To do: Output all entries exactly; images excluded.
### Data supplied ###
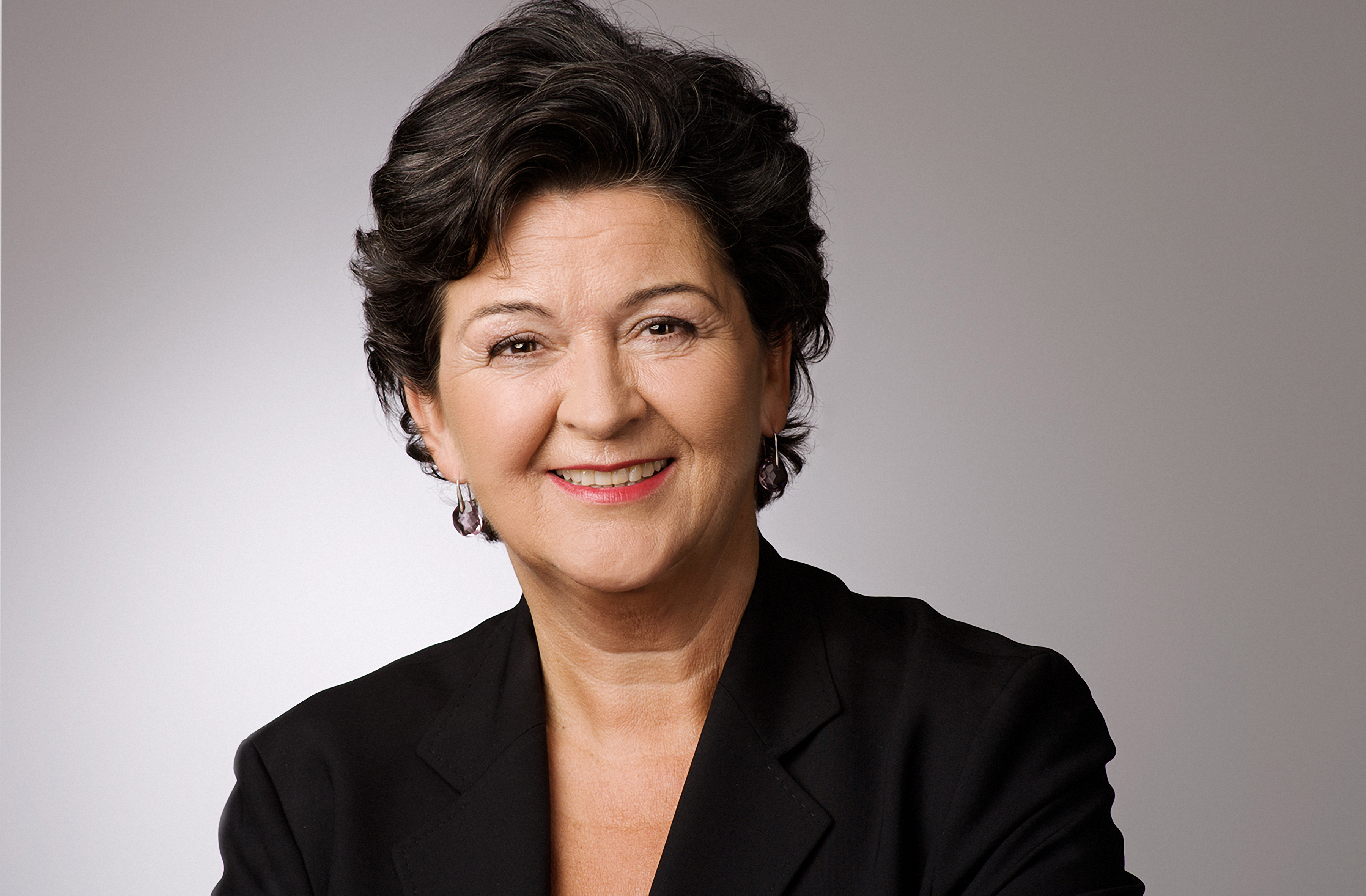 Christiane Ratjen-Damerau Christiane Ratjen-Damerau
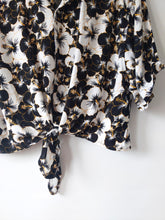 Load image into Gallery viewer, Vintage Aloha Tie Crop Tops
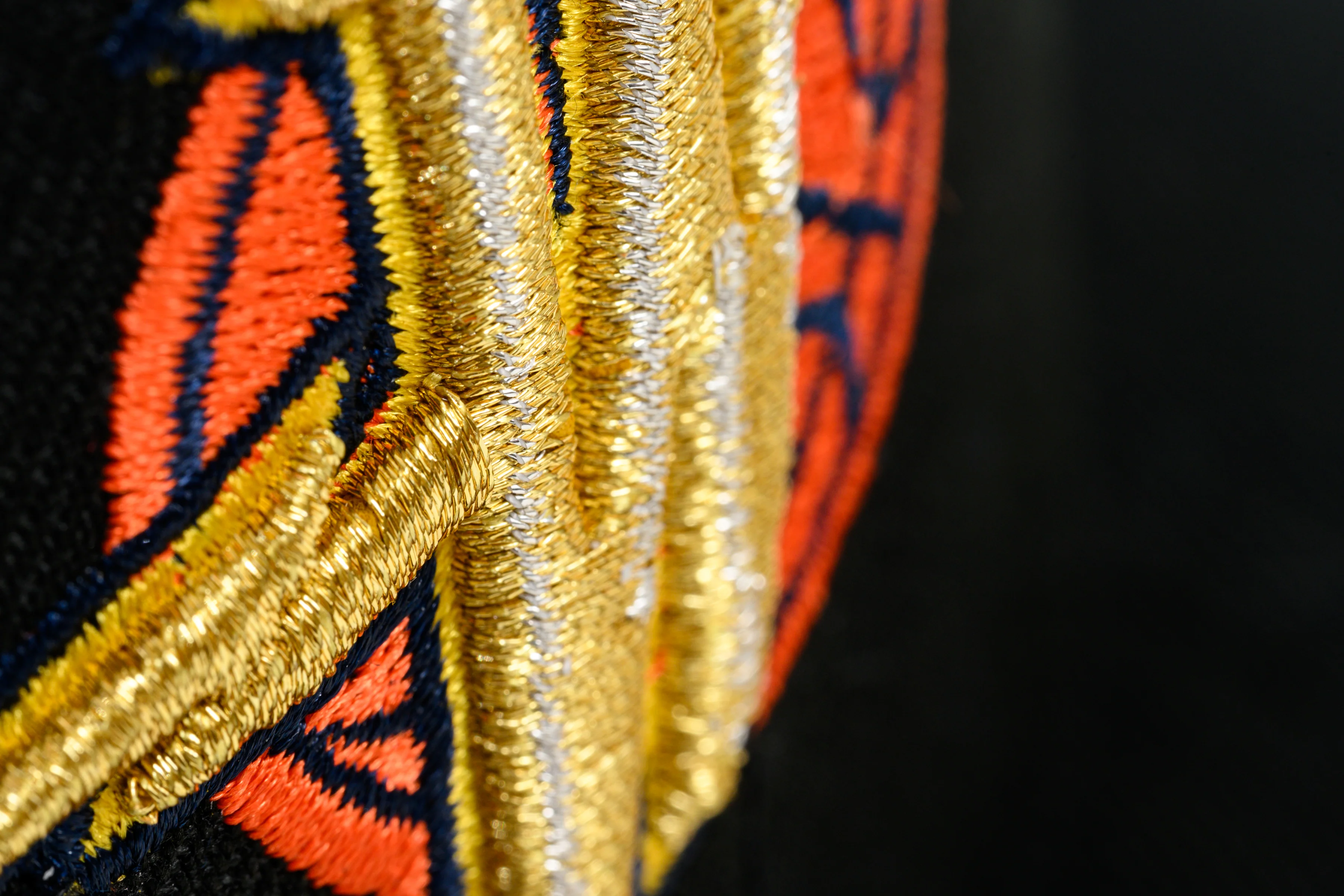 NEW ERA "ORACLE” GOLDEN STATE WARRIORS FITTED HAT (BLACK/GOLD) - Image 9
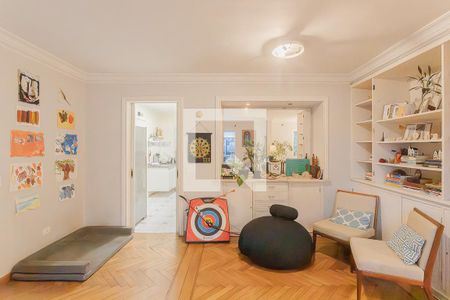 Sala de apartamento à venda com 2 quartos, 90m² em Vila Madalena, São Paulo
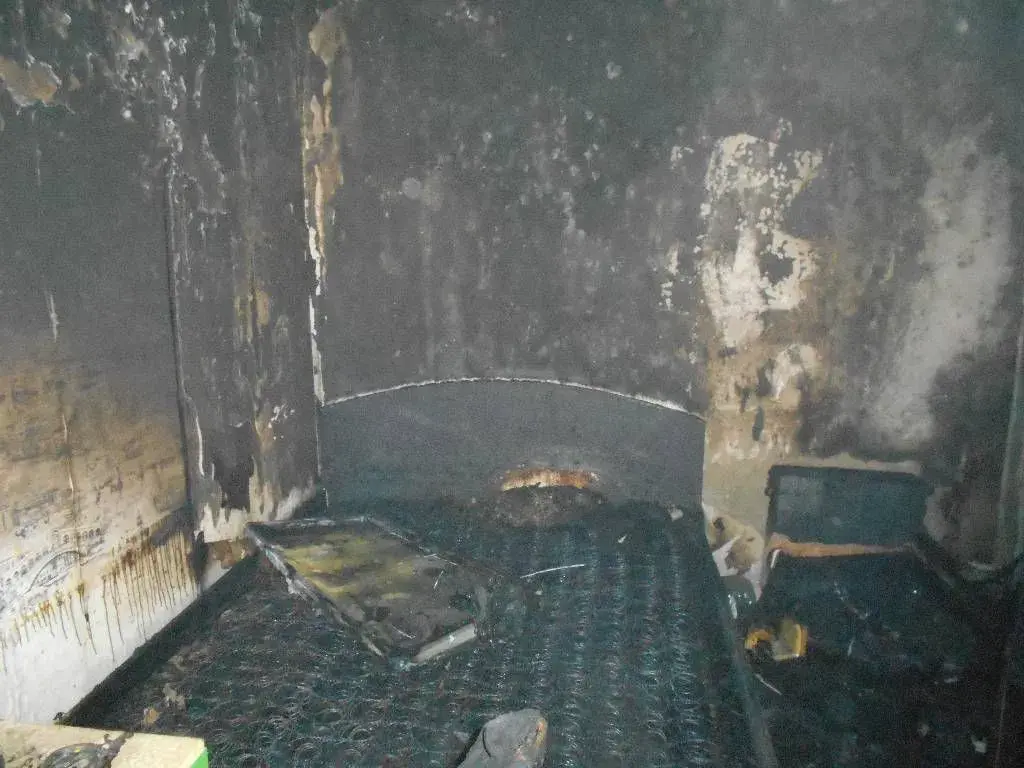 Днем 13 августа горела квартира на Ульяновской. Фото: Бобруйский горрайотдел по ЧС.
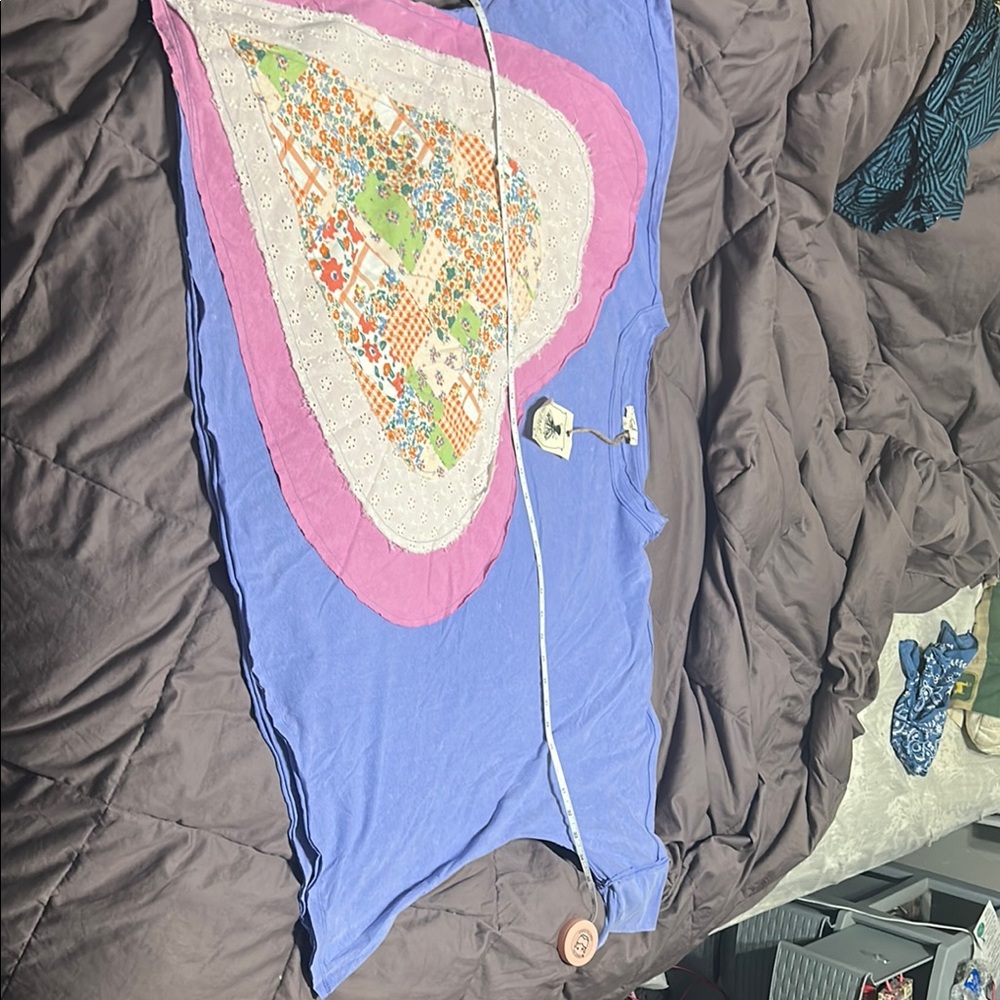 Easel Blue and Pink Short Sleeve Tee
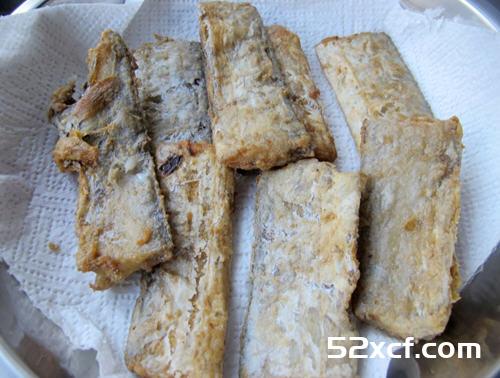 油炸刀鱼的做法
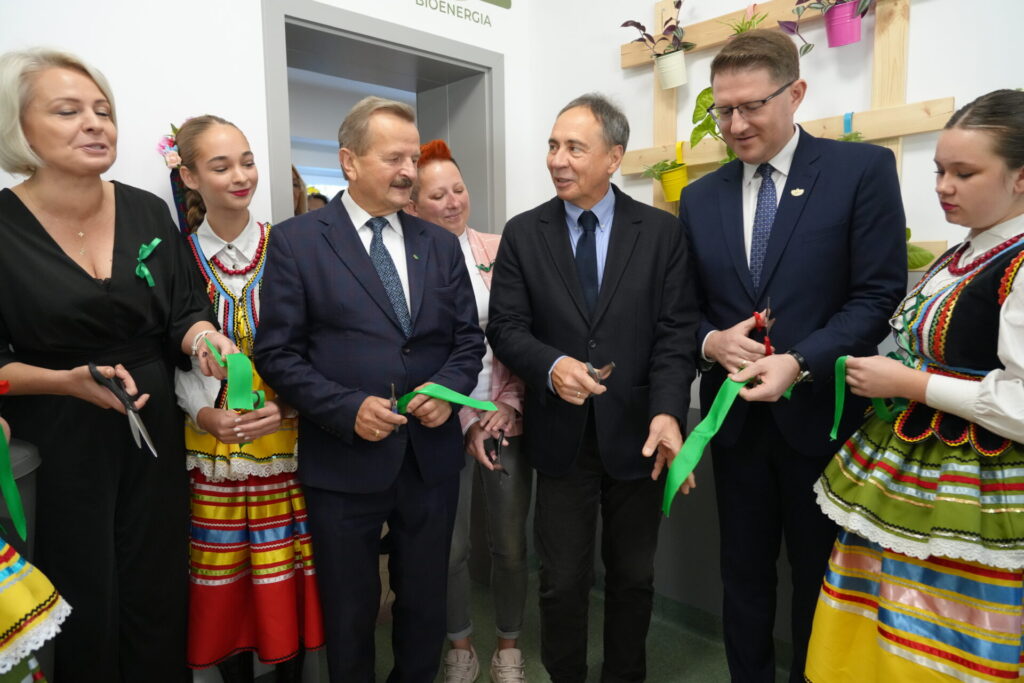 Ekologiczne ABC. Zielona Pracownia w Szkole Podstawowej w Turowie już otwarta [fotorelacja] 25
###
Worked solution:
 Christiane Ratjen-Damerau Christiane Ratjen-Damerau
 Load image into Gallery viewer, Vintage Aloha Tie Crop Tops
 NEW ERA "ORACLE” GOLDEN STATE WARRIORS FITTED HAT (BLACK/GOLD) - Image 9
 Sala de apartamento à venda com 2 quartos, 90m² em Vila Madalena, São Paulo
 Днем 13 августа горела квартира на Ульяновской. Фото: Бобруйский горрайотдел по ЧС.
 Easel Blue and Pink Short Sleeve Tee
 油炸刀鱼的做法
 Ekologiczne ABC. Zielona Pracownia w Szkole Podstawowej w Turowie już otwarta [fotorelacja] 25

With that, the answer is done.